It’s Weirdly Hard to Make Seawater Drinkable

Desalination requires tons of energy. One company is testing a hack to make it greener.

A desalination plant along the beach, in California
Allen J. Schaben / The Los Angeles Times / Getty

This article was originally published in Hakai Magazine.

In May 2022, California officials unanimously rejected a plan to build a $1.4 billion desalination plant in Huntington Beach. The plant, the officials said, would produce costly water and possibly harm the marine environment. The decision wasn’t an outright rejection of desalination, but it did highlight some of the problems that have made desalination an impractical solution to California’s water problems.

Dragan Tutic, the CEO of Oneka Technologies, says large desalination plants powered by fossil fuels aren’t the only way to get fresh water out of the ocean. His company is preparing to bring what it says is sustainable, practical desalination to the small city of Fort Bragg on California’s North Coast.

Fort Bragg was a lumber town until the Georgia-Pacific mill closed, in 2002. Today, it’s a popular tourist spot featuring undomesticated beaches wrapped in rocky cliffs, lively tide pools, and a beach famous for sea glass.

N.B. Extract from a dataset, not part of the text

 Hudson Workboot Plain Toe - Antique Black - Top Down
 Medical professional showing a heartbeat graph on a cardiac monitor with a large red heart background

As in much of California, water is a precious commodity in Fort Bragg. The city has only three surface-water sources: the Noyo River and two tributaries. In dry years, all three can slow, and the Noyo can turn brackish, putting the city at risk from shortages.

“We’re kind of stuck,” says John Smith, Fort Bragg’s director of public works. “That’s why we’re looking to the ocean.”

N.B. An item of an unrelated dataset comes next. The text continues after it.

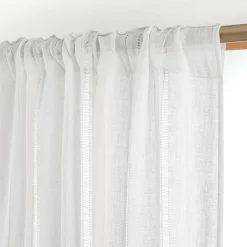 EMINZA Voilage galon fronceur (140 x 240 cm) Léontine Blanc Discount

Desalination is an idea that keeps reappearing in the Golden State, where overdrawn groundwater and shrinking reservoirs are critical problems. On a superficial level, it seems simple: Take the salt out of the abundant salt water just offshore. But typical desalination facilities are big and expensive to operate, and they can be environmentally unfriendly, especially when the resource-intensive process is powered by fossil fuels. The original plans for the Carlsbad desalination plant in Southern California, for example, which sits on 2.4 hectares of land, called for well more than 200,000 megawatt hours of electricity a year—equivalent to the usage of some 20,000 homes.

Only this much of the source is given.